Pieter Bruegel the Elder

2019 sees the 450th anniversary of the death of Pieter Bruegel the Elder (c 1525/30 – 1569). To mark the occasion the Kunsthistorisches Museum Vienna is dedicating the world’s first ever major monograph exhibition to the artist widely regarded as the 16th century’s greatest Netherlandish painter.

Netherlandish Proverbs Oil on oak panel, 117 x 163 cm; Staatliche Museen zu Berlin, Gemaldegalerie, Berlin.

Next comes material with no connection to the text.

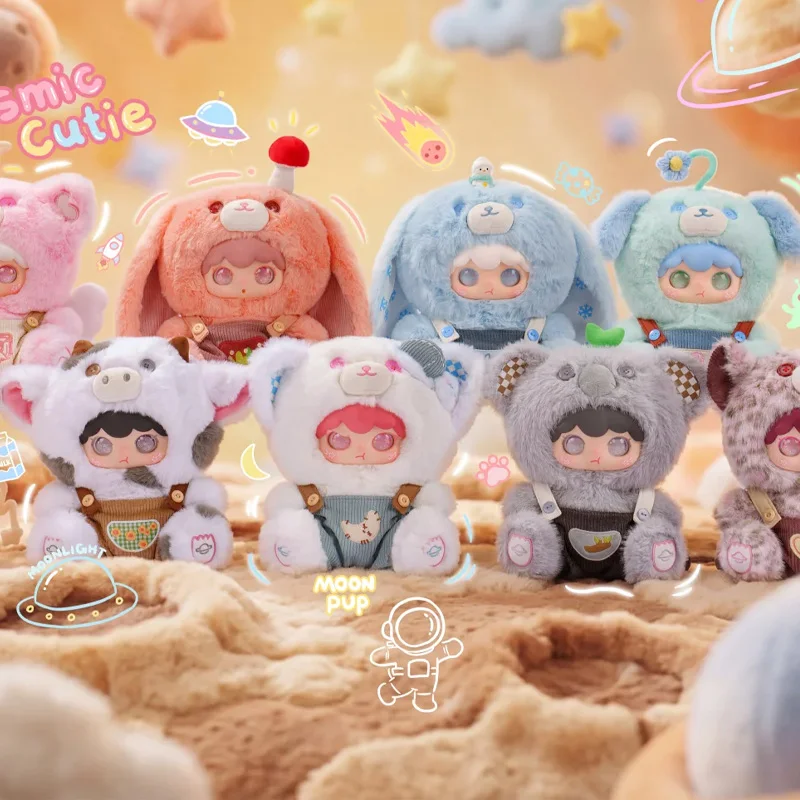 Kimipapa Small Universe Series Blind Box 400% Doll Cute Doll Room Desktop Decoration Collection Birthday Festival Surprise Gift
Kimipapa Small Universe Series Blind Box 400% Doll Cute Doll Room Desktop Decoration Collection Birthday Festival Surprise Gift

After an initial period of brilliance, during which time it rose to achieve perfection, Flemish art gradually fell into decline. Although thorough studies of its origins have revealed works, in particular those of the miniaturists, that are deserving of notice and which predate the artistic careers of the two Van Eycks, Hubert and Jan, the genius of the brothers remains stunningly spectacular, surpassing that of their predecessors to such a degree that it would be impossible to find an equally sudden, decisive and glorious evolution in the history of art.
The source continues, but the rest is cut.